Kitabı okuduğum vakitlerde, bu
satırlara körü körüne hak verirdim.
Tahmin edersiniz ki artık pek öyle düşündüğüm söylenemez.
Bunun nedeni de,
mutluluğun anlara sığamayacak kadar özel bir duygu olduğu kanaatine varmış
olmam. Elbette, iyi hissetmemizi tetikleyen küçük jestler vardır. Sevgilinizin
elini tutmak, bir çocuğa gülümsemek, güzel bir kahve içmek, kuş cıvıltıları,
rengarenk çiçekler, usul usul yağan kar, mis kokulu tütsüler, keyif için
yapılan cilt bakımları, okunan güzel satırlar… liste uzar da gider. Bu küçük
şeylerden zevk almak apayrı bir meseledir de mutlu olmak daha başkadır.
Mutlu olmak, “Başıma şu kötü olay da
geldi fakat ben hayatımda olan şu şu şu etkenlerden dolayı mutluyum, bunu da
hallederim.” derken iyi enerjiyi yaşam stili haline getirebilmektir. Buna belki
“tutunacak dalı olmak” diyebilirsiniz. Sevdiğin insanla, sevildiğin ortamda
yaşarken sevdiğin işi yapmak, sevgi sevgi sevgi bolca sevgi ile hayatı
başarabilmiş olmak…. Başaramadığın noktada umutla başarmayı denemek… Bu çabayı,
küçük şeylerle, yukarıda bahsettiğim küçük şeylerle, harmanlayarak günler,
aylar yıllar geçirmek… Tek ana sığdırmaya çalışmadan büyük resimle mutlu olmak,
demek istediğim bu işte!
Böylelikle “hayatın en
mutlu anı” denilen şeyi aramaktan da caymış olur insan en nihayetinde.
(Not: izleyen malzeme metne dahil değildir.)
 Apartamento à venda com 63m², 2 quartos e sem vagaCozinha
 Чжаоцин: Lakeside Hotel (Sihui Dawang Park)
Mutluluk
bir an değil, anların bütünü olduğu için.
Bu konuyu benim
açımdan düşünen kaç insan vardır bilemesem de düşünce yapınızı bu şekilde
değiştirdiğinizde her şey pek bir zevkli olmaya başlıyor. Bence daha sağlıklı
bir mental durum ile anlardan zevk almayı bırakıp büyük penceredeki aksiliklere
odaklanmak arasındaki ince çizgiyi, bu yazıda anlatmaya çalıştığım konu
oluşturuyor.
Son olarak, sanırım
ben korktuğum kadar körelmemişim yazmak konusunda, ne dersiniz?